Vintage Jeans Inspiration Throughout the Years
From mines to the big screen to glamorous catwalks and red carpets: much like flannels, jeans have a proper rags to riches story! One thing is for sure: after breaking free from their humble origins, these hard-wearing trousers have stolen the scene and left indelible marks throughout the decades, becoming the central element of their most memorable trends and popular outfits. Here’s some vintage jeans inspiration, history and looks from different years to help you create the perfect denim style.
Vintage Jeans History and Inspiration
Late 1800s - 1940s
Invented by Jacob Davis and Levi Strauss in 1873 using denim and dungaree cloth, jeans used to be worn by miners, cowboys and the male American working class, particularly in the West. They were usually paired up with warm flannels and were just as durable, especially after the addition of copper rivets to their pockets.
Thanks to the iconic Levi Strauss red flag, jeans even became the first item of clothing to showcase a designer label on the outside. The first pair of womens jeans—the Lady Levi’s—didn’t appear until 1934, but they weren’t very popular amongst the fairer sex just yet, except in ranches and farms.

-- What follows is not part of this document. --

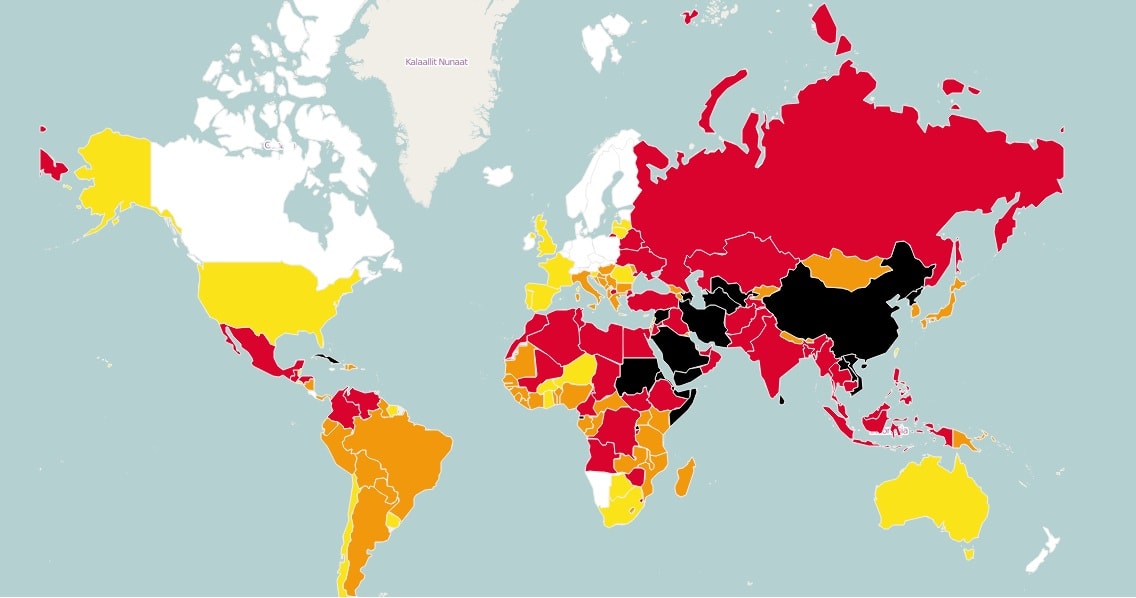 Screengrab of RSF's World Press Freedom Index 2015, Reporters without Borders website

1950s: a fashionable rebellion
It’s the decade of jukeboxes and drive-ins that marked the switch from ‘practical working class garment’ to ‘fashionable rebellious statement’ for jeans. We owe it to Hollywood stars like James Dean and Marlon Brando who, thanks to their ‘bad boy’ looks, inspired lots of teenagers to challenge society’s strict clothing rules and try something new. Female celebrities started sporting them too: more and more girls bought pairs of jeans after seeing them on style icons like Marilyn Monroe and Brigitte Bardot. The unisex "plain white t-shirt and jeans" pairing became one of the signature looks of the 50s.
1960s: Jeans flower-power
So different from traditional formal trousers, jeans became a perfect symbol of freedom for hippie communities, together with jeans shorts and jackets. Whilst flowers bloomed in their long hair, patchwork and colourful embroideries started sprouting on hippies’ jeans, emphasising the uniqueness and individuality that characterised the flower-power movement.
1970s: disco and flares
Even though they were already quite common in the late 60s, bell-bottom flares became an unforgettable staple of 70s fashion, both for regular trousers and jeans. As dungarees grew in popularity, denim skirts, vests and jackets would also steal the scene, giving birth to one of the grooviest but riskiest trends: the double denim. Are you brave enough to try it or would you prefer pairing up your 70s jeans with some flashy disco shirts?
1980s: peg them up!
Forget about flares! The 80s were all about tight high-waisted designer jeans, usually worn with a belt and with shirts or t-shirts rigorously tucked in. And how did you know if someone was cool? By checking if the peg at the bottom of their jeans was on point, of course!
1990s: baggy jeans
90s fashion saw the development of lots of different trends, but they all seemed to have something in common: they were about being casual and boasting a ‘too cool to care’ attitude. When it comes to jeans, this translated into slouchy trousers that were perfect for the Grunge scene or even baggier models for those who preferred some hip hop and street-style vibes. Thanks to celebrities and fashionable characters like Rachel Green in Friends and Will Smith in The Fresh Prince of Bel-Air, jeans dungarees made a loud comeback, too.
Which decade or trend do you mainly draw inspiration from when wearing your favourite pair of vintage jeans?